C++11 introduced direct support in the language for concurrency, with the ability to launch and manage different threads. Support for mutexes and other synchronisation mechanisms are available.

Threaded Building Blocks

Threaded Building Blocks is a higher level C++ template library that supports many common design patterns for applications to take advantage of multi-threading capabilities. Basic patterns like parallel loops and reductions are available. We'll also look at the TBB graph constructs.

TBB includes useful containers, which are thread safe, as well as a high performance multi-threaded implementation of malloc.

Talk

The introductory talk to this tutorial is here.

Setup

General

The machines we'll use in the tutorial are RedHat Enterprise 7 machines. On these the native C++ compiler is gcc4.8.3, which has C++11 support and supports all the tutorial exercises fine.

As as aside, if you want the very latest C++14 standard support, gcc5.2 is recommended, but for this tutorial C++11 contains all we need.

If you wish to use your own machine to do the tutorial exercises then please make sure your gcc version is 4.8 at minimum!

C++11 Compiler Options

To compile concurrent C++11 programs you'll need two flags for g++:

  • -std=c++11 - Use the new C++11 standards
  • -pthread - Enable posix thread support, which is the underlying thread library used by libstdc++ on linux platforms

You might well find this Makefile useful. It will compile any .cc file into an executable with the correct compiler flags. (You can make customisations for your system by defining CXX and/or CXXFLAGS as environment variables.)

A good reference for C++ concurrency libraries is http://www.cplusplus.com/ (use the reference section, under multi-threading).

Threaded Building Blocks

Intel Threaded Building Blocks v4.4 has been compiled and installed into /usr/local (specifically /usr/local/include for header files and /usr/local/lib64 for libraries). Thus you shouldn't need any special extra setup to use is during the school. (In fact TBB is very easy to install from source.)

Compiling against TBB should just work, but linking requires -ltbb and -lrt.

The Makefile here will add all the flags you need, and enable -std=c++11 so it's recommended.

Documentation for TBB is installed into /usr/local/share/tbb/html, but using the Intel documentation is more convenient.

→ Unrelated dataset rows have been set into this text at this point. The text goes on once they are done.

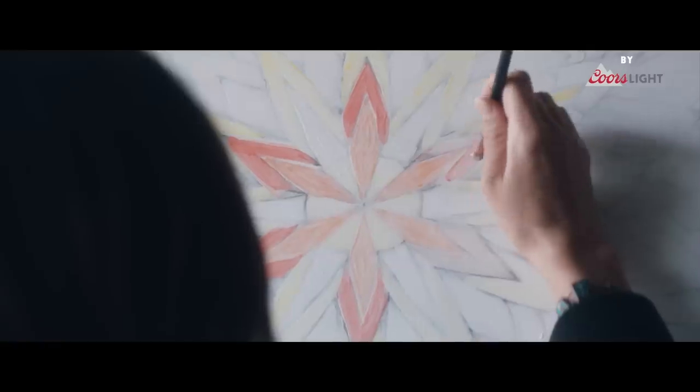All the colors are showing up. It reacts with the cold pretty quickly. So it's very easy now to see where I'm painting, which is cool.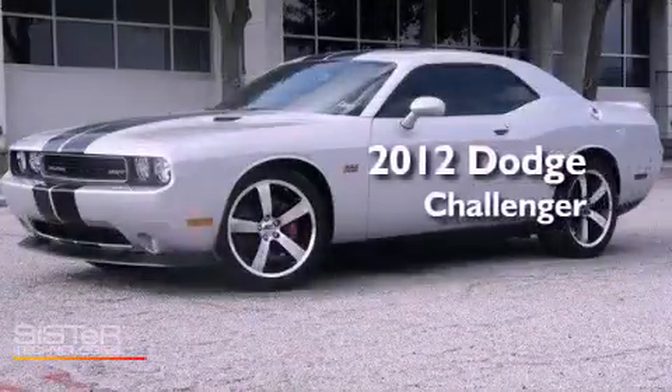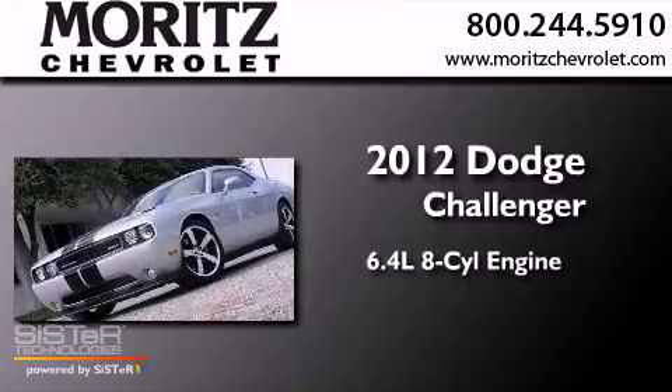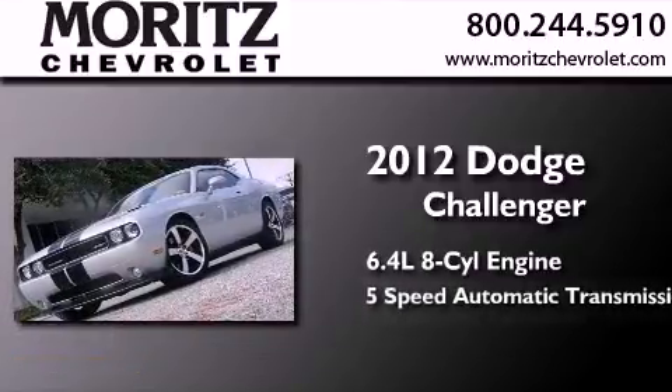This is a brand new 2012 Dodge Challenger. It has a 6.4 liter, 8-cylinder engine and a 5-speed automatic transmission.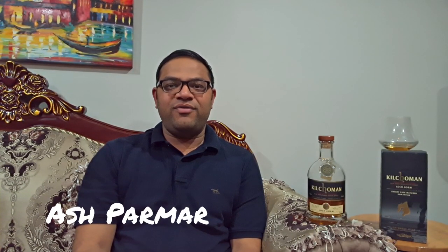Hi everyone, welcome back for another whisky review. Today looking at this limited edition whisky from Kilchoman — the Loch Gorm 2018 edition.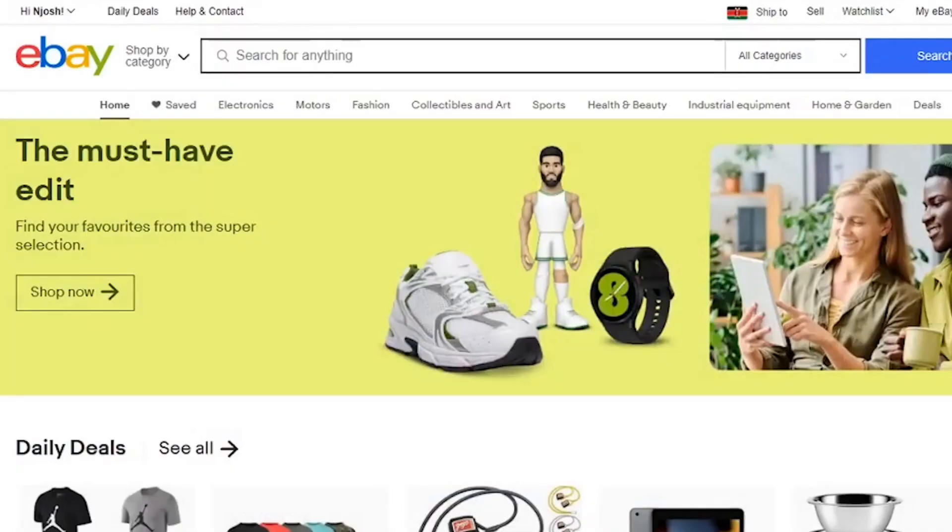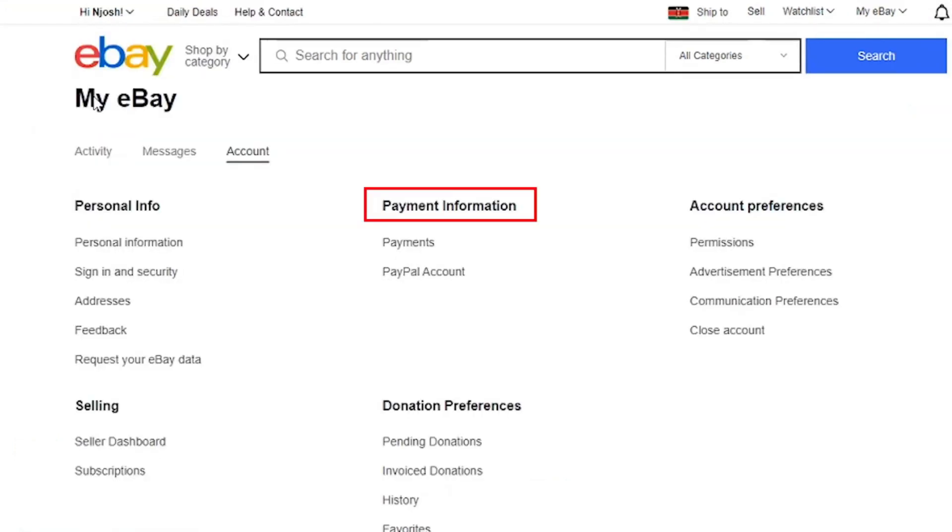The first step: while in your eBay account, come over to your name at the top left corner and click on Account Settings. Next, come to Payment Information and click into PayPal Account.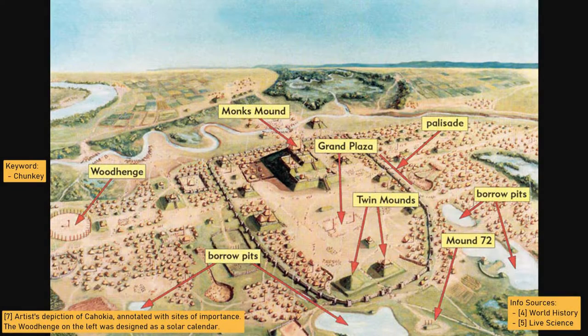Cahokia's civic areas also included a ball court, a playing field for the game called Chunky, a solar calendar made of wooden poles, and a wide plaza for merchants to trade in. Beyond the city, trade routes stretched out in all directions through fields of crops dominated by corn.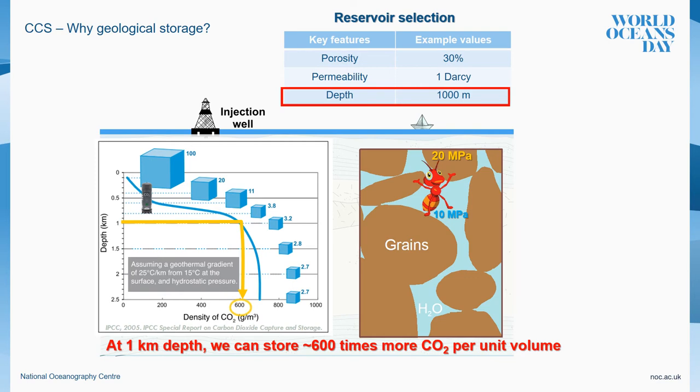This is crucial for CO2 storage efficiency. CO2 is a gas at atmospheric conditions, but it is very compressible. By increasing the pressure up to 10 MPa, the density actually increases over 600 times, which means 600 times more CO2 can be stored in the same volume at such pressure. So porosity, permeability and depth are key factors when selecting a target reservoir.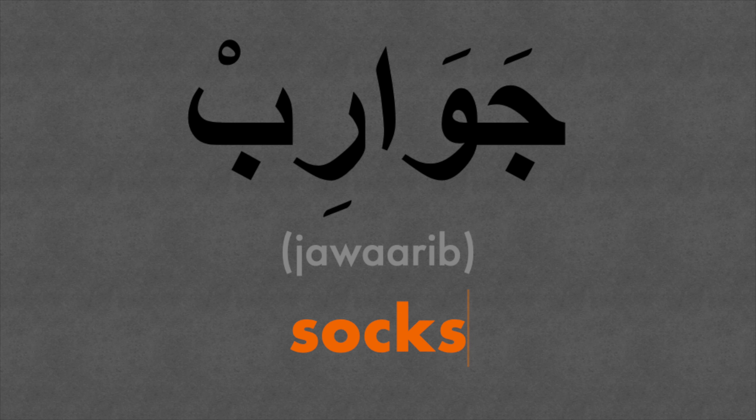I usually like to wear socks if I'm wearing shoes, not sandals. Word number five is socks — jawarib. Jawarib.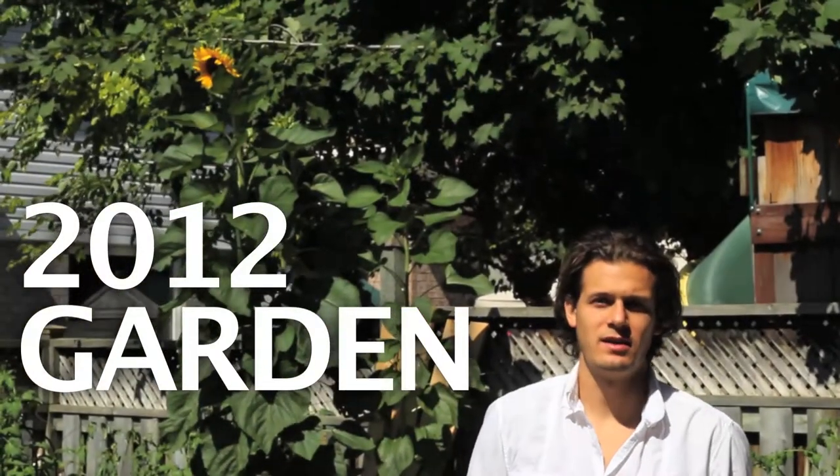I just want to make a video showing our garden in 2012. It's the end of July and it's our second year doing this.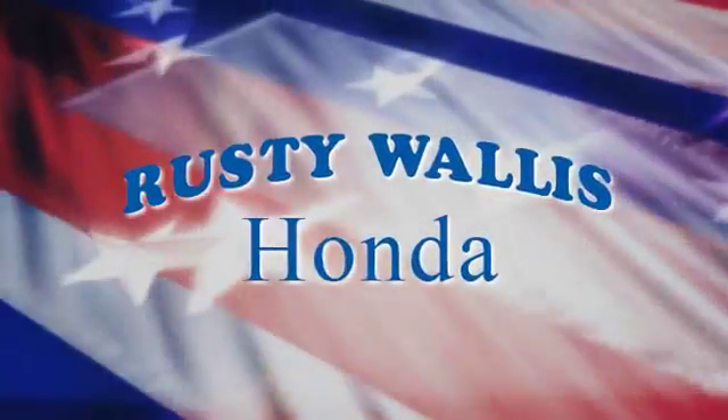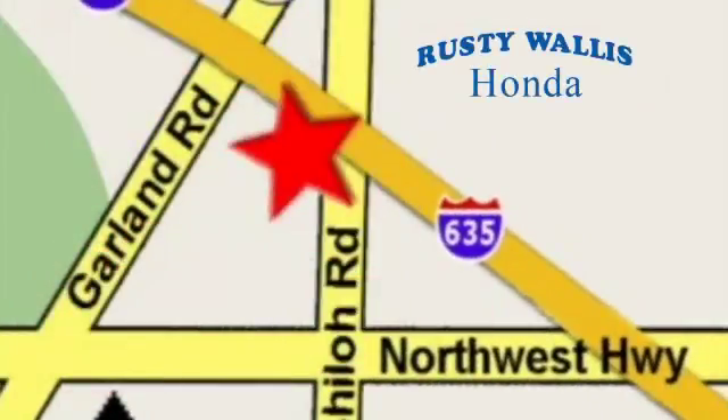At Rusty Wallace Honda, our primary goal is to satisfy our customers. Stop in today — we're easy to find, just off I-635 at Shiloh Road.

If you have a machine or distribution on which TBB is installed, and you intend to use that, please make sure it's an up to date version, at least v4.2.

Writing Code

You will have been given access to a machine on which to complete the tutorial. There are a suite of editors available and you can pick whichever you like best:

  • nano - A very simple text editor (but lacks helpful things such as automatic indentation and code colourisation)
  • emacs - The classic Stallman text editor
  • vi - The other classic editor from the editor wars
  • geany - A nice standalone GUI editor with indentation and code highlighting, but you will need to switch on X forwarding to use it (so ssh -Y gks@concurrent-N)

If you want us to really recommend something then we pick geany!

Exercises

Introductions to each section of the tutorial are here:

https://github.com/graeme-a-stewart/cpp-concurrency/tree/gridka15/doc

and exercises are at the end of each document.

The file

https://github.com/graeme-a-stewart/cpp-concurrency/blob/gridka15/doc/XX-Answers.md

lists the source code that is the solution to each of the exercises. Feel free to look at that if you need a hint or want to check your answer.

You can clone the git repository like this:

git clone https://github.com/graeme-a-stewart/cpp-concurrency.git -b gridka15

N.B. This will clone the GridKA 2015 version of the repository, if you want to clone the master branch then just do

git clone https://github.com/graeme-a-stewart/cpp-concurrency.git

References

https://github.com/graeme-a-stewart/cpp-concurrency/blob/master/doc/00-TipsReferences.md

Is the current 'master' copy of the introduction, which provides references.